Male reading role models are more important than you think.
“You can’t be what you can’t see.”
—Marian Wright Edelman, founder of the Children’s Defense Fund (CDF)
Typically, people quote Marian Wright Edelman to bolster arguments for putting women in positions of power, so that young girls can imagine themselves as CEO or as the next president.
But it works on many levels — including creating readers.
And, in particular, male readers.
Elementary-aged boys lag behind girls the same age in most aspects of reading and literacy. Experts have suggested that it’s because reading and liking to read is seen as “feminine.” This is understandable when only 14.6 percent of elementary school teachers are male (and only two percent of Pre-K and Kindergarten teachers).
What’s the best way to inspire the next generation of male readers?
Male reading role models.
Real Men Read in Schools
Real Men Read is an excellent call to action for dads, grandfathers, brothers, uncles, and boys to reclaim reading. It’s also an ad hoc collection of literacy programs that sprung up across the country over the last decade with a similar aim.
The United Way of Wabash Valley (UWWV) runs Real Men Read in Terre Haute, Indiana. The program is in 115 kindergarten classes across six counties.
“We’re completing our 11th year, and quite a few of the men have been reading since the beginning,” says Dorothy Chambers, Community Impact Senior Staff at UWWV. “It’s an extraordinary example of enthusiastic volunteers.”
The efforts fill a gap, especially in low-income communities.
“In our area, there’s a high percentage of kids living in single-parent households, in transitional housing. There are kids who lack a long-term male adult in their lives.” Having men from all walks of life come into the classroom consistently is meaningful, says Chambers.
In Houston, Gary Chaffee, manager of Library Services for Houston Independent School District, recently joined the district’s RMR program.
The program, which began with 2nd, 5th, and 7th graders, is now rooted in 3rd grade. “I can tell you, in my experience, how important it is to be reaching out to kids at any grade level,” says Chaffee. But 3rd grade is critical, as the curriculum shifts from learning to read to reading to learn.
“Within our district, not every school has a certified librarian,” says Chaffee.
What’s more, less than 10% of school librarians are male.
“These kids need to be hearing from us,” he adds.
For Chaffee, the program is an opportunity to share books that have real meaning for him — and that can spark fruitful conversations with boys and girls.
For example, the book A Chair for My Mother by Vera Williams has significant value.
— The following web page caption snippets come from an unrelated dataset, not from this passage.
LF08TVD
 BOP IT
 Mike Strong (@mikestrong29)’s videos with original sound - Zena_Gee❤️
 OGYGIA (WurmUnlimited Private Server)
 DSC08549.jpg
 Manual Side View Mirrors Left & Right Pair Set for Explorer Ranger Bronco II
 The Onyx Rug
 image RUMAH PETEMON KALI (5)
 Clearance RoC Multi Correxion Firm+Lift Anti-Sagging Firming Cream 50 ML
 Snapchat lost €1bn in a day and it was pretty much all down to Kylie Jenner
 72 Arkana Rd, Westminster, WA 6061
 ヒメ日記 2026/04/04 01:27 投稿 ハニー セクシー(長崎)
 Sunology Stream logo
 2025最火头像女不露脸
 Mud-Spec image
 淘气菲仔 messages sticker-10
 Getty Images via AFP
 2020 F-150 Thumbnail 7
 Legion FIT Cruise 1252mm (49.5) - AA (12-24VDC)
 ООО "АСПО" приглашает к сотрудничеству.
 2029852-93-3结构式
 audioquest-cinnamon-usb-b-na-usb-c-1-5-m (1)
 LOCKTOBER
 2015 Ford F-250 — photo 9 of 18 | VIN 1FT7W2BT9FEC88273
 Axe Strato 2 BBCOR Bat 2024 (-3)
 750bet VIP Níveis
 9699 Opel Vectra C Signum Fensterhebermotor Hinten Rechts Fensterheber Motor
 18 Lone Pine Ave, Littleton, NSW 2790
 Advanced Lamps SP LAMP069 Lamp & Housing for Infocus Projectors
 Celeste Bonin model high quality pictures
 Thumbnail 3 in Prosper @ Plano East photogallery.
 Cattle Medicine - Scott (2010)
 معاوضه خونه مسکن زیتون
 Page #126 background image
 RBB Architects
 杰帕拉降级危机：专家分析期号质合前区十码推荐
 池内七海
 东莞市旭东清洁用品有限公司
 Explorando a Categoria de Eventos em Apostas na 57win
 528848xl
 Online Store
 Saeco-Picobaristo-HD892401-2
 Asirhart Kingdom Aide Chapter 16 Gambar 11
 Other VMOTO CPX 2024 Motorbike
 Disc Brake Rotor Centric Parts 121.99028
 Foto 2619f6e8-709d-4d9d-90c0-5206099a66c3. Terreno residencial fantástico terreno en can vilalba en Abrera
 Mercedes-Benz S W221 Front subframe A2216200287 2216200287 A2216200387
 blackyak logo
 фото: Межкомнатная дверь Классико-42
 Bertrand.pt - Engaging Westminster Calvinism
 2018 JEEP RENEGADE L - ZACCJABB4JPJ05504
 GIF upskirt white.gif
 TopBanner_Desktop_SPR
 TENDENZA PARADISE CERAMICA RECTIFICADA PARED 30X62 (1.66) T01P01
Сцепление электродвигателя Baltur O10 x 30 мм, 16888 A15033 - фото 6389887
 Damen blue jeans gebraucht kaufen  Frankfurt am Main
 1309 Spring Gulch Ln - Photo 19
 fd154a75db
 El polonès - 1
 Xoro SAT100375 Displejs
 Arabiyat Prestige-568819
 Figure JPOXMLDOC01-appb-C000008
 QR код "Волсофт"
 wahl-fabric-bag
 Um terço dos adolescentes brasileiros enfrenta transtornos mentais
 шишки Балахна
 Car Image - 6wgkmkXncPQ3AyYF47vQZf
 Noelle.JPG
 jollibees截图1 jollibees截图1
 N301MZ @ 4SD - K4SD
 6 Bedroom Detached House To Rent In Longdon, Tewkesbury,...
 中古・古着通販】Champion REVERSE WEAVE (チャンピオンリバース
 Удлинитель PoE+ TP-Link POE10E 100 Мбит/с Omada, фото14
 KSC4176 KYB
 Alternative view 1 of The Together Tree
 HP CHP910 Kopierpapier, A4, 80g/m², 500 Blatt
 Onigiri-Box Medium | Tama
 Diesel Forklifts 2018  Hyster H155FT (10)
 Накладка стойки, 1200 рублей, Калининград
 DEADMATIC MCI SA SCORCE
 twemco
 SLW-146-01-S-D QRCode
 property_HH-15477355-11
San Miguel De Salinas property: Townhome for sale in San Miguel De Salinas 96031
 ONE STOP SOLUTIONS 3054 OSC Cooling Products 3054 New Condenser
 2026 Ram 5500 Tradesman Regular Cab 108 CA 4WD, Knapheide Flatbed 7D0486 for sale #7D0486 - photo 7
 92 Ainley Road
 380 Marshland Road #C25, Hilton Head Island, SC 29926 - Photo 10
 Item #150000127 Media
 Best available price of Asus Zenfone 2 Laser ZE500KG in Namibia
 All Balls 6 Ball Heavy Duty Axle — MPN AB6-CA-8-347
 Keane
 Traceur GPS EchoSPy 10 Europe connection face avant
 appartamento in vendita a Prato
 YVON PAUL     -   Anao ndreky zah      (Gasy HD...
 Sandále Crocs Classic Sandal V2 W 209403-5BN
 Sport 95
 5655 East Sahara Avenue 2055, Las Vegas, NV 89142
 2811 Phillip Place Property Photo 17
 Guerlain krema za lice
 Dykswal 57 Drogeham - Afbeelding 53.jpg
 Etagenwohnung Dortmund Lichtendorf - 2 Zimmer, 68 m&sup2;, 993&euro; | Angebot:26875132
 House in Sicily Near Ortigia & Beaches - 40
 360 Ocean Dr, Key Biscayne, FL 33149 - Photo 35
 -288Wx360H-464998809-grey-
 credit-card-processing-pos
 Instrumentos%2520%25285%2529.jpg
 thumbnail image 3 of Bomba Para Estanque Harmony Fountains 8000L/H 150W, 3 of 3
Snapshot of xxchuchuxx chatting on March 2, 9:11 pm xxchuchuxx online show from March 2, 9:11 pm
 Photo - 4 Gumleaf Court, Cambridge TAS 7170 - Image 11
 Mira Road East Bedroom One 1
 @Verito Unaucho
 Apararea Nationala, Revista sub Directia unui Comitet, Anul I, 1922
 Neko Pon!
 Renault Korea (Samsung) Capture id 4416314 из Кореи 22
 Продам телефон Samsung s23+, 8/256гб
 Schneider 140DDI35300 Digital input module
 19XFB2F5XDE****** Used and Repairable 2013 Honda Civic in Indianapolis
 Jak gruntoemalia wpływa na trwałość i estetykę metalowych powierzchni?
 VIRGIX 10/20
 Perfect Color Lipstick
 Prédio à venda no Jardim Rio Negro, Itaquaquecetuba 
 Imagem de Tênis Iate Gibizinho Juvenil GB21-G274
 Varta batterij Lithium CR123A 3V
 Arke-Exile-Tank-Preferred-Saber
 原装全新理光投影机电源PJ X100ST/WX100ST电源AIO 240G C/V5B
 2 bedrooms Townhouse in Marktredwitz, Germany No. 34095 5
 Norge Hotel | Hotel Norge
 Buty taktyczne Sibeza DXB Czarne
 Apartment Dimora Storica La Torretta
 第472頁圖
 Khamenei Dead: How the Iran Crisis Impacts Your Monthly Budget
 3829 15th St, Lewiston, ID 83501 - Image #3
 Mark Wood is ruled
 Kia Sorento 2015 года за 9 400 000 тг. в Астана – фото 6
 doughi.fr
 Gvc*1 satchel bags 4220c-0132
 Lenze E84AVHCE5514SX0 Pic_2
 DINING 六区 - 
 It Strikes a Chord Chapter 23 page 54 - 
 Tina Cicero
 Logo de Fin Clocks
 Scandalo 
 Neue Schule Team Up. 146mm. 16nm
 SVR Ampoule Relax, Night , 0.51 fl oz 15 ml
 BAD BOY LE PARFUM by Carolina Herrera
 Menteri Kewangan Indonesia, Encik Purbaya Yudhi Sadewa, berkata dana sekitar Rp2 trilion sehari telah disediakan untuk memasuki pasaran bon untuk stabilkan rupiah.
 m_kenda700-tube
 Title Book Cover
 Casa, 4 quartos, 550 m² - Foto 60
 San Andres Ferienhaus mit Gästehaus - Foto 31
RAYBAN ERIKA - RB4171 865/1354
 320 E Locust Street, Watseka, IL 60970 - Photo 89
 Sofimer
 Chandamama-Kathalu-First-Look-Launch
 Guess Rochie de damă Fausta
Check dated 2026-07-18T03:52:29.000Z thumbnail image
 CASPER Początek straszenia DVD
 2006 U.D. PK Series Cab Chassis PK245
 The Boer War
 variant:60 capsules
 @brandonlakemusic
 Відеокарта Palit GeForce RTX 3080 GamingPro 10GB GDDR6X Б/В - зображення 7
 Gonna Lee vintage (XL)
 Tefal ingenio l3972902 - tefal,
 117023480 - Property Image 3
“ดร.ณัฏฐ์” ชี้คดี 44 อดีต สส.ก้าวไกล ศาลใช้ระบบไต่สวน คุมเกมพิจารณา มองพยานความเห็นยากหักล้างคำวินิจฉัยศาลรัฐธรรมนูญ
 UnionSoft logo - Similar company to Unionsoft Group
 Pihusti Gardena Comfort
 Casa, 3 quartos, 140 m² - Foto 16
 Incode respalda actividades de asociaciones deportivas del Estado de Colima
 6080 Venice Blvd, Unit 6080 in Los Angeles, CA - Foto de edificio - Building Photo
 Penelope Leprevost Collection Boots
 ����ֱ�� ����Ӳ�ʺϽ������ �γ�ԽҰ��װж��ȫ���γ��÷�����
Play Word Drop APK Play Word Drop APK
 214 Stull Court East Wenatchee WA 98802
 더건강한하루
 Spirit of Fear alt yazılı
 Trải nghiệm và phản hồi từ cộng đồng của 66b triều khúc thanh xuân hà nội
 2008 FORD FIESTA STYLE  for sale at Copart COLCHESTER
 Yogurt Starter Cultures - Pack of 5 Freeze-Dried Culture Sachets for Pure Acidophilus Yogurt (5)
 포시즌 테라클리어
There is a house fire in the book, and the family works to recover. “It speaks to me on a personal level,” says Chaffee.
“I went through a house fire,” he explains. “And I can make those connections — how the characters are feeling, what it’s like to be displaced, and the idea, in the end, that home is what we make of it.”
For Terry Stuczynski, the Real Men Read (RMR) Coordinator for Big Brothers Big Sisters of Northeast Indiana, the proof is in the numbers.
- 98% of teachers consider Real Men Read volunteers a valuable resource to help students build literacy skills.
- 89% of teachers are confident the program helps students achieve higher literacy performance.
- 89% of teachers can identify specific examples of how students have benefitted from the program.
Mentorship — which is at the heart of Real Men Read — also translates into fewer absences from school, a better attitude toward school, a more positive attitude toward peers, and an increased chance of continuing beyond high school.
“It’s huger than anyone can imagine,” says Stuczynski.
What Any Man Can Do
But families don’t have to wait until a Real Men Read program springs up in their community.
For anyone who wants to help young boys become lifelong readers, let Dad — or a brother, an uncle, or another trusted male — handle the bedtime stories.
Tell them that real men read.
And give them these tips:
You Can Make Any Moment Count
“You don’t have to commit a large chunk of time,” says Chambers of the UWWV. “You can be in the grocery store. You can be at the bus stop. Any time is an opportunity to read with your child. It can be 10 or 15 minutes a day. Those special moments will add up to a much stronger reader.”
You Cannot Wing It
“Not with 5-year-olds,” jokes Chambers. While you don’t have to be an expert reader for a read-aloud, even a little preparation helps with voices, inflection, and understanding of the story arc.
Don’t Just Read
One way to show children the power of books is to talk about the book in hand. Ask questions. Make real-world connections.
Let Them See You Read
Men don’t always have to do the bedtime story. It’s effective to have kids see you reading for yourself as well.
Talk About Reading
One tenet of the Real Men Read program in Fort Wayne, Indiana, is that male readers talk about the role of reading in their own lives when they introduce themselves to a new classroom. Tell kids why you love to read, and chances are, they’ll feel inspired to do the same. It’s a strategy that works anywhere.